Required work
Print each entry verbatim.

---------- Given records

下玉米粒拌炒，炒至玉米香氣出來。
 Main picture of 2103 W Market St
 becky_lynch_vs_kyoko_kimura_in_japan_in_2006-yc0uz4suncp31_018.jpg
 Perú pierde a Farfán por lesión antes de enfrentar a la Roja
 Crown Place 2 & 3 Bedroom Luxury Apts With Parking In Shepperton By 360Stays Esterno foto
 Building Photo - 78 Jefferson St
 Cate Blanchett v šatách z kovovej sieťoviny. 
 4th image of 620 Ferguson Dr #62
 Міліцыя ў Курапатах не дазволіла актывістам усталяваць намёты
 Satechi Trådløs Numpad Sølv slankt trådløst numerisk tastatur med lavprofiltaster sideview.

--------------------

Written response
下玉米粒拌炒，炒至玉米香氣出來。
 Main picture of 2103 W Market St
 becky_lynch_vs_kyoko_kimura_in_japan_in_2006-yc0uz4suncp31_018.jpg
 Perú pierde a Farfán por lesión antes de enfrentar a la Roja
 Crown Place 2 & 3 Bedroom Luxury Apts With Parking In Shepperton By 360Stays Esterno foto
 Building Photo - 78 Jefferson St
 Cate Blanchett v šatách z kovovej sieťoviny. 
 4th image of 620 Ferguson Dr #62
 Міліцыя ў Курапатах не дазволіла актывістам усталяваць намёты
 Satechi Trådløs Numpad Sølv slankt trådløst numerisk tastatur med lavprofiltaster sideview.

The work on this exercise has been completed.